**Dataset entries**:

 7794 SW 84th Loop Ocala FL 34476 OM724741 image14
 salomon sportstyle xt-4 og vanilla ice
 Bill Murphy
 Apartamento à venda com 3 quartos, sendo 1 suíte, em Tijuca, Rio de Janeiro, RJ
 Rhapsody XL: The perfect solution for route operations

==

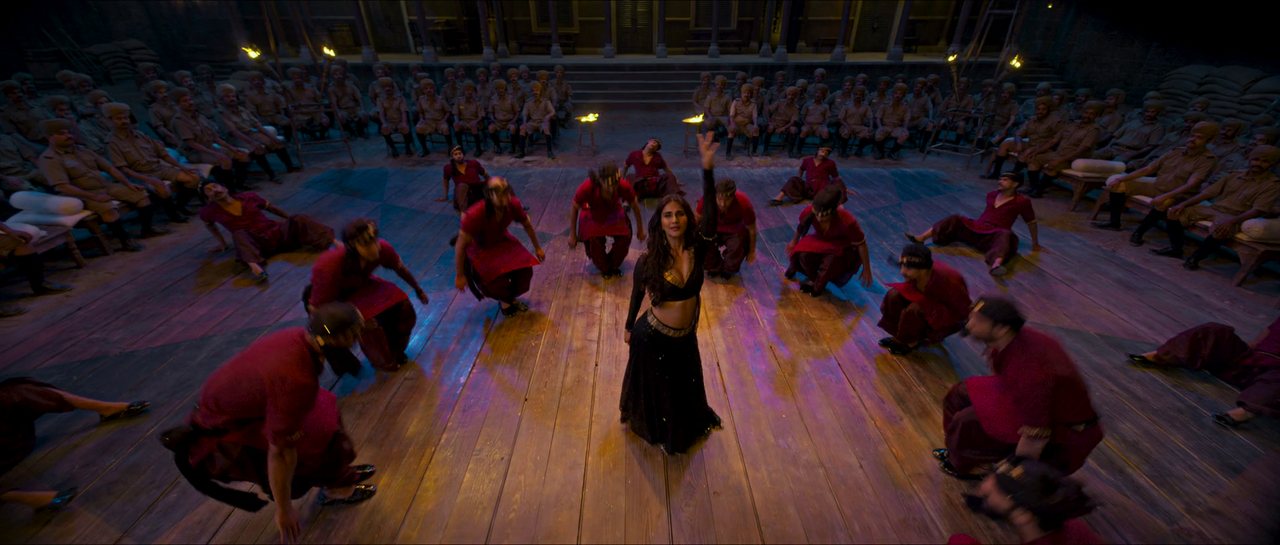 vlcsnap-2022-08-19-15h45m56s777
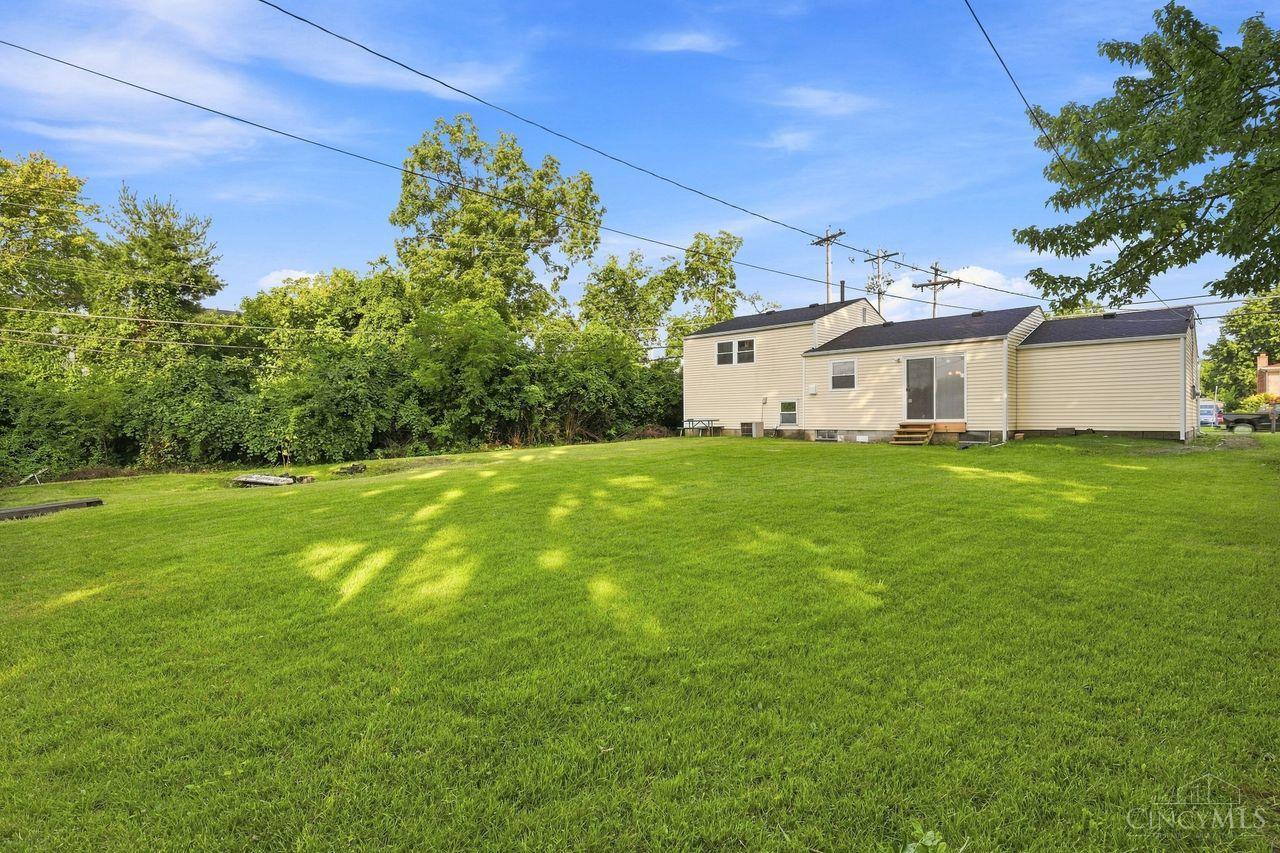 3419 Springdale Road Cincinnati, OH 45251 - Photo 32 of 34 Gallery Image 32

==

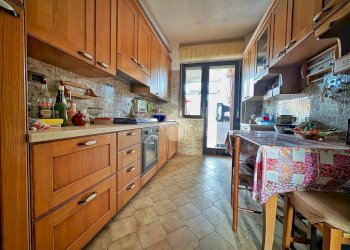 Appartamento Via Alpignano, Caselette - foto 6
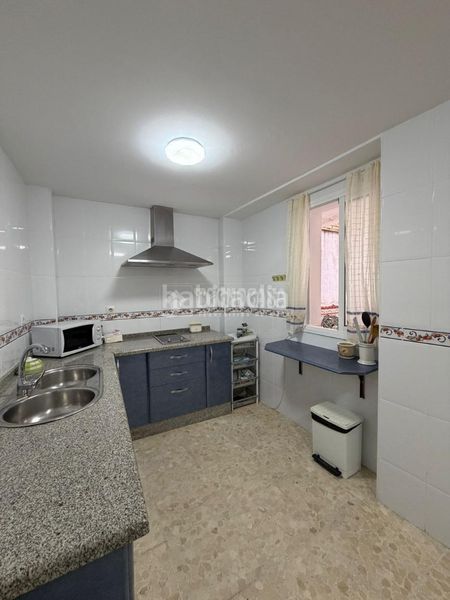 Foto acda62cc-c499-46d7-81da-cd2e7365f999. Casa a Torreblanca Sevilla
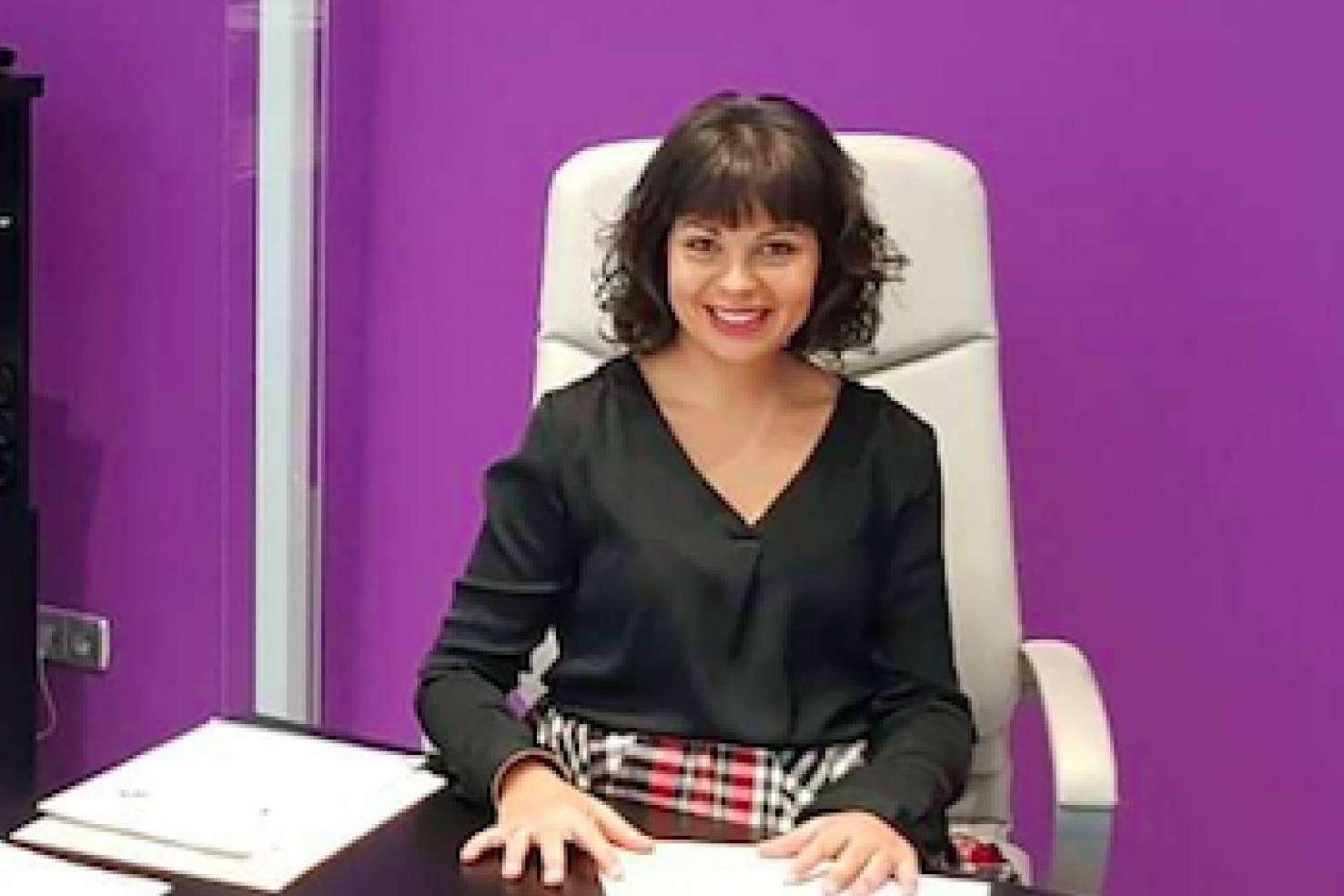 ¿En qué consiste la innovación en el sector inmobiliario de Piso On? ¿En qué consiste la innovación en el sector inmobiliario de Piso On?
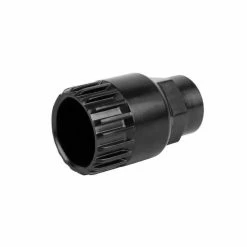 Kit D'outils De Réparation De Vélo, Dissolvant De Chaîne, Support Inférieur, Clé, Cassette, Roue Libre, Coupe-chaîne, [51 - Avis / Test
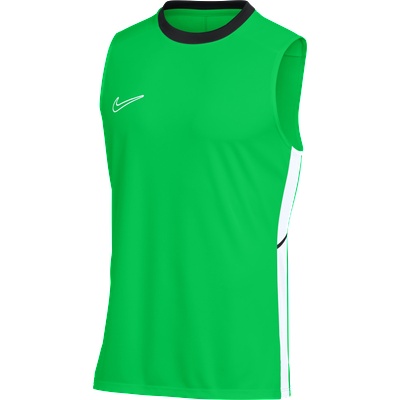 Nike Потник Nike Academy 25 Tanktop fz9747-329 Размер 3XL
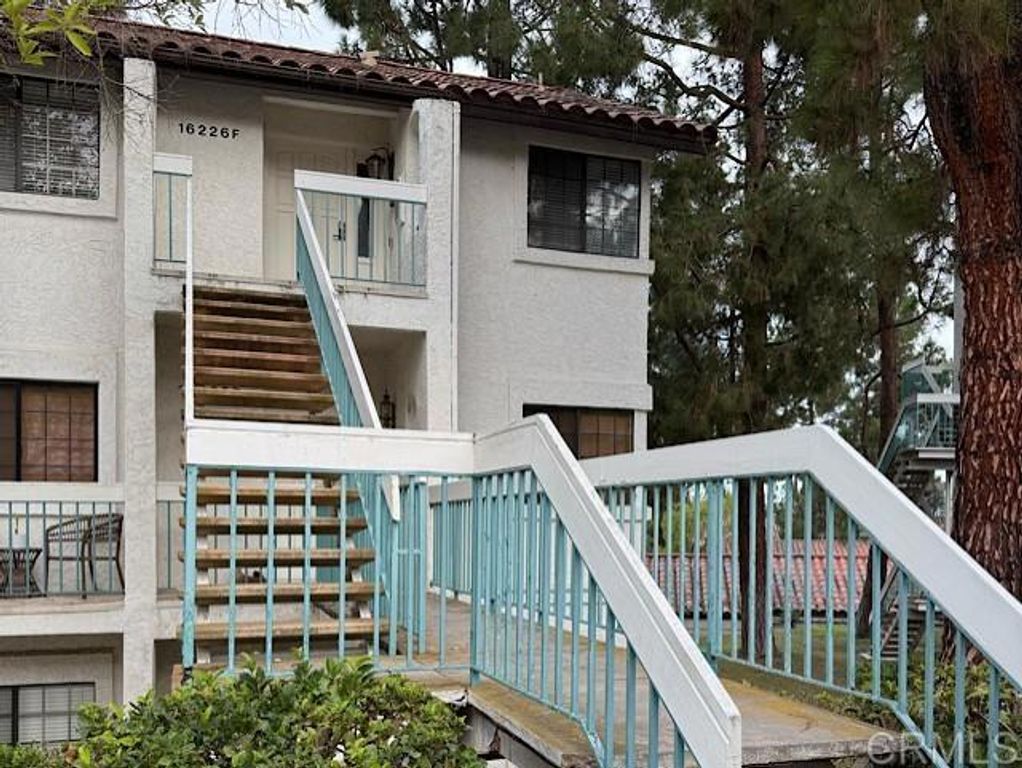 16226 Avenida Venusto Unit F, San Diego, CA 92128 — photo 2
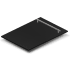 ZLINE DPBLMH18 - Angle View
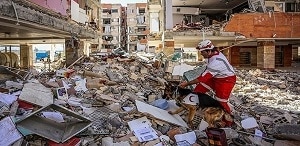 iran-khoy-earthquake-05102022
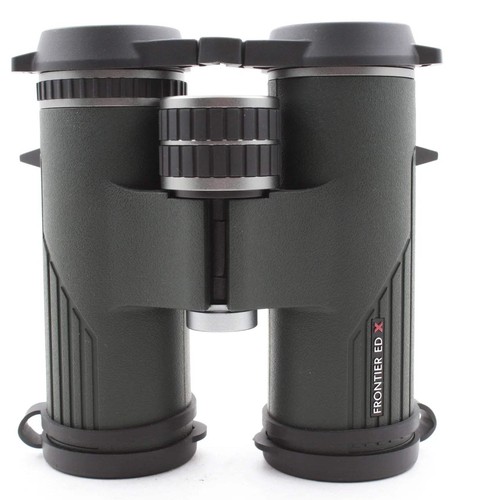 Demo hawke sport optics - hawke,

**Work to complete**: When copying from the data above, print only the lines from the line containing "iran-khoy-earthquake-05102022" to the line containing "Demo hawke sport", exactly, and leave the pictures out.

**Solved exercise**:
 iran-khoy-earthquake-05102022
 Demo hawke sport optics - hawke,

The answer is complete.